> Data supplied:
»»
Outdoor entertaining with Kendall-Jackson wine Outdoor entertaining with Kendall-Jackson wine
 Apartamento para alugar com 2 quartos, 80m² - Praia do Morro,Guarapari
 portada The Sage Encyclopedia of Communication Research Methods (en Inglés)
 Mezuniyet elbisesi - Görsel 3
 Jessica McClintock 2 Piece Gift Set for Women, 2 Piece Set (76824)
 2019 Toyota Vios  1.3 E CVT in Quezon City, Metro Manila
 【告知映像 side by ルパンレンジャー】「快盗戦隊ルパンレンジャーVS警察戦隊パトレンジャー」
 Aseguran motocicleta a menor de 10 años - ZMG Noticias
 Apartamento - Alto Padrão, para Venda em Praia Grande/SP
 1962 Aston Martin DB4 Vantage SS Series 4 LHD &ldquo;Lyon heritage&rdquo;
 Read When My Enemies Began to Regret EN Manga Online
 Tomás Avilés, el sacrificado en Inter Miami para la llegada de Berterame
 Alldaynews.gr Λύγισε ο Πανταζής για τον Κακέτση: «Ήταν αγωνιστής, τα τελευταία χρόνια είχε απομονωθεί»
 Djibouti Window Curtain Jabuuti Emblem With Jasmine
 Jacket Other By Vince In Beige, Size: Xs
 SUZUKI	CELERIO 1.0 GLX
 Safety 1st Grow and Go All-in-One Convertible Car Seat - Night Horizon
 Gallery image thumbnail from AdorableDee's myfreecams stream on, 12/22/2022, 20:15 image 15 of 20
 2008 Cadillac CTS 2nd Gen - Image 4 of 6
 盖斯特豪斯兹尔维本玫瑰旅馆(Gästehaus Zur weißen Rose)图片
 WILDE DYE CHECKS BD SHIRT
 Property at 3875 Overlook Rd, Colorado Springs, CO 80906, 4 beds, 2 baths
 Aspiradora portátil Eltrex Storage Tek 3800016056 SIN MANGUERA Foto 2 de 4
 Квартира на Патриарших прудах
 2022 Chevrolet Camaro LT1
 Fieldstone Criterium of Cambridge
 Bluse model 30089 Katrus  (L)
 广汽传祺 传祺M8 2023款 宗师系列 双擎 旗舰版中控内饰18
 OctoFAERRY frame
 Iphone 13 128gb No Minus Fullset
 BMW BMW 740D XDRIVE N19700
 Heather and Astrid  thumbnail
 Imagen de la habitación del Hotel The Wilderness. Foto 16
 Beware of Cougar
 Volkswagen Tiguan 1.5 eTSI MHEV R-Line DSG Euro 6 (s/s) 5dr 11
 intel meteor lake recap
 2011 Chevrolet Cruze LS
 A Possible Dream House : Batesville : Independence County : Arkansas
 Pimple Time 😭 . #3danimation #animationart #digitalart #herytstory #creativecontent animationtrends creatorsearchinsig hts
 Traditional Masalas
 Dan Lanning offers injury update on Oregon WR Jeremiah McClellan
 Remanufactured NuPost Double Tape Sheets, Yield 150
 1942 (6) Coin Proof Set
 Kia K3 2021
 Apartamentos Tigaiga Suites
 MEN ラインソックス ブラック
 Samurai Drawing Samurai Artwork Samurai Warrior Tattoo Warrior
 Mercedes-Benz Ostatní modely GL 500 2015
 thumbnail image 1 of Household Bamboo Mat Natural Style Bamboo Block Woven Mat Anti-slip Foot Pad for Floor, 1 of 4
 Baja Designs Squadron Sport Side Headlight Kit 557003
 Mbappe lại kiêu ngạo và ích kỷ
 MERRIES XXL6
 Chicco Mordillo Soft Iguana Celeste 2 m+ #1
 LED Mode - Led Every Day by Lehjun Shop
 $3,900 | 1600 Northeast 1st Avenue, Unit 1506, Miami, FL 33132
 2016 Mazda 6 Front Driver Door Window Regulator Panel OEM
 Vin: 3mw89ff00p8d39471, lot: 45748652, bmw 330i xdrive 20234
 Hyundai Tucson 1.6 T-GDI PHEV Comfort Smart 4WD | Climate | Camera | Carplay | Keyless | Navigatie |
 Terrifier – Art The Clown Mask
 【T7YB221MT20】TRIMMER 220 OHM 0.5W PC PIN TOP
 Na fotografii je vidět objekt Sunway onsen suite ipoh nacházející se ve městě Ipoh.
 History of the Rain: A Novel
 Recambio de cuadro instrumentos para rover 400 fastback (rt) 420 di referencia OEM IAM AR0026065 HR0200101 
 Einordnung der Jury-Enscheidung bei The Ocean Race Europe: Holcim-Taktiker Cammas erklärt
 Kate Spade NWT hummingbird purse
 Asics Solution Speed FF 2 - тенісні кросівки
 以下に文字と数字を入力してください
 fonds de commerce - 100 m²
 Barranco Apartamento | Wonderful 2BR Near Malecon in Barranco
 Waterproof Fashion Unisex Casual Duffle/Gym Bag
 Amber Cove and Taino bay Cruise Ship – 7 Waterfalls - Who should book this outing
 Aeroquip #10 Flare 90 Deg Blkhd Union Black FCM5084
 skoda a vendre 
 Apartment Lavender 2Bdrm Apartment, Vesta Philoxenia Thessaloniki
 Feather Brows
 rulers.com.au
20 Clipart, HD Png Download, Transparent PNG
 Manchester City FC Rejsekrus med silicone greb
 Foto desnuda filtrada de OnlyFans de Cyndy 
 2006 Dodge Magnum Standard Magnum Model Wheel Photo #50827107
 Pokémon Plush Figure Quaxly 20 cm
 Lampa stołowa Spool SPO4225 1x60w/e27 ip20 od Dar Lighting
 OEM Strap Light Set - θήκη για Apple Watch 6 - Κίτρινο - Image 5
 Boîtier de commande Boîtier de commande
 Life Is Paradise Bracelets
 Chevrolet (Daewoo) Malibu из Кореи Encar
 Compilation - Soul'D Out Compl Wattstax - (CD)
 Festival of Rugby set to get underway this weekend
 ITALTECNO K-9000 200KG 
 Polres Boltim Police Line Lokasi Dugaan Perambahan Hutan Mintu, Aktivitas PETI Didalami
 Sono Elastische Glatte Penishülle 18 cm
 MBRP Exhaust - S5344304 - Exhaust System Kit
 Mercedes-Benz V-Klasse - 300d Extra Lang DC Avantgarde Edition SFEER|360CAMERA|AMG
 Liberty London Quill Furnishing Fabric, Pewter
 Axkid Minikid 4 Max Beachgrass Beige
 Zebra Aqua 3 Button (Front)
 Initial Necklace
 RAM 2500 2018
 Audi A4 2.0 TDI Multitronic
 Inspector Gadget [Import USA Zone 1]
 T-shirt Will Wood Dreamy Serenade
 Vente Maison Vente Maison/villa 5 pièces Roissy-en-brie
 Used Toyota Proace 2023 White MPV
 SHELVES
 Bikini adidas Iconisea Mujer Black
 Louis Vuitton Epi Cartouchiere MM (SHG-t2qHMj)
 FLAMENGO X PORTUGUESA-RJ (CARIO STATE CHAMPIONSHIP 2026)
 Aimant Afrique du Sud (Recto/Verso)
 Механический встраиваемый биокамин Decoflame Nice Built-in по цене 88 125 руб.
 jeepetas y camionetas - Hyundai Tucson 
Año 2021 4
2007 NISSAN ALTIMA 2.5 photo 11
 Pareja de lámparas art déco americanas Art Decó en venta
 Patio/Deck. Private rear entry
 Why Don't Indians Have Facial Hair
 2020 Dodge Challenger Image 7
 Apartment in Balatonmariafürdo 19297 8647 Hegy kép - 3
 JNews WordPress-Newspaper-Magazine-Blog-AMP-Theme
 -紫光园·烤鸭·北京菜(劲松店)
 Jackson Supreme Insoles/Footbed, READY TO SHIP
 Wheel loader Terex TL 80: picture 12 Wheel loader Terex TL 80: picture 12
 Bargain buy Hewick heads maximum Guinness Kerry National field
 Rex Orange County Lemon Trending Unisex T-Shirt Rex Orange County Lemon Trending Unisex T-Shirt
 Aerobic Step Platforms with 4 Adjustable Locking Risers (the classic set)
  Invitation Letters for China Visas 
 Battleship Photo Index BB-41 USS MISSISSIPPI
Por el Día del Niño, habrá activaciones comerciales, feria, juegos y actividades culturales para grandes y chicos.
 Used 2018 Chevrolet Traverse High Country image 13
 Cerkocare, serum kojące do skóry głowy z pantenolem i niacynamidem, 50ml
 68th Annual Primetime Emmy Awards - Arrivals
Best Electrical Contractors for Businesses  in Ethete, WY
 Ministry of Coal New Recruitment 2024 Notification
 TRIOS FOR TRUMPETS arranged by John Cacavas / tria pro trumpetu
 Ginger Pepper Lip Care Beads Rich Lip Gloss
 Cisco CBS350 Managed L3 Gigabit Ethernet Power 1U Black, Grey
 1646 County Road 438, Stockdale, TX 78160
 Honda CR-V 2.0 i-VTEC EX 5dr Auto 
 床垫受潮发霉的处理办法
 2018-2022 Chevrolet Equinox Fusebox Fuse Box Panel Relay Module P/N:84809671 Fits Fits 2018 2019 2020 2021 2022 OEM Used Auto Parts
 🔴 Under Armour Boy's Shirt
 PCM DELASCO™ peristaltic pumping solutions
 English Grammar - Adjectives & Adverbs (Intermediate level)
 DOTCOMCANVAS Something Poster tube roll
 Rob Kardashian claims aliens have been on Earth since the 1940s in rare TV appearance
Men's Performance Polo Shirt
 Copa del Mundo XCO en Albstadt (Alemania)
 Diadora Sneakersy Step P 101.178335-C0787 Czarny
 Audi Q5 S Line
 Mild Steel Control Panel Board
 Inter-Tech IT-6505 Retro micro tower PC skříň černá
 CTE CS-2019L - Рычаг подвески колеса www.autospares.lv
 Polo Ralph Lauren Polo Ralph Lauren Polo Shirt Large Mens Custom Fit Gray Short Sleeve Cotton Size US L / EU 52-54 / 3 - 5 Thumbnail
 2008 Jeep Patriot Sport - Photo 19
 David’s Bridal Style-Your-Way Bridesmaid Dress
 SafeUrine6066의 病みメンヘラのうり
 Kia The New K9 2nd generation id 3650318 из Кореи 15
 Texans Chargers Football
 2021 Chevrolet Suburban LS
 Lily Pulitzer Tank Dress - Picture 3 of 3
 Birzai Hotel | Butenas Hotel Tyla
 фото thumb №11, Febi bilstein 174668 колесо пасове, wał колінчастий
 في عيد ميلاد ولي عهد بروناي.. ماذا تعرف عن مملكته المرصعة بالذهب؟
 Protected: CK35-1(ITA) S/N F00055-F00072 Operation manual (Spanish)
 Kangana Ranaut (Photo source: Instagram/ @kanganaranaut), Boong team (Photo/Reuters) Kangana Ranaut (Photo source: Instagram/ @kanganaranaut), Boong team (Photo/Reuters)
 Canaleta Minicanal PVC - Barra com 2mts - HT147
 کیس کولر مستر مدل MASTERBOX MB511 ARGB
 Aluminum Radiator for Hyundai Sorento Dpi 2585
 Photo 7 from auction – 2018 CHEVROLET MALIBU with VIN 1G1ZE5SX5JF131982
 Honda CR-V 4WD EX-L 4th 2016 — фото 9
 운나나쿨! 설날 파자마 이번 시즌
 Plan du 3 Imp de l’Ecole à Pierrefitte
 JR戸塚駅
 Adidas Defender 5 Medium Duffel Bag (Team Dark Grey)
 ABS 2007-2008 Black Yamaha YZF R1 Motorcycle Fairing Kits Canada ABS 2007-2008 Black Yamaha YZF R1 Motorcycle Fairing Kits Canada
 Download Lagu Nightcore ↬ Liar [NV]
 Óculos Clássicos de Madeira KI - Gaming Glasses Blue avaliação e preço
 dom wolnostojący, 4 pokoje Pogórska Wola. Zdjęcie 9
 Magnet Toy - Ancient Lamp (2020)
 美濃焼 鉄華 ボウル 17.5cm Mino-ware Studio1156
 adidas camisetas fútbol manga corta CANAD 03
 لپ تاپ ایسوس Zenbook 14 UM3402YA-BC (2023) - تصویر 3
««
> To do: Using the data above, print exactly the lines from the line that contains "Квартира на Патриарших прудах" through the line that contains "Imagen de la", with both included.

> Response area:
 Квартира на Патриарших прудах
 2022 Chevrolet Camaro LT1
 Fieldstone Criterium of Cambridge
 Bluse model 30089 Katrus  (L)
 广汽传祺 传祺M8 2023款 宗师系列 双擎 旗舰版中控内饰18
 OctoFAERRY frame
 Iphone 13 128gb No Minus Fullset
 BMW BMW 740D XDRIVE N19700
 Heather and Astrid  thumbnail
 Imagen de la habitación del Hotel The Wilderness. Foto 16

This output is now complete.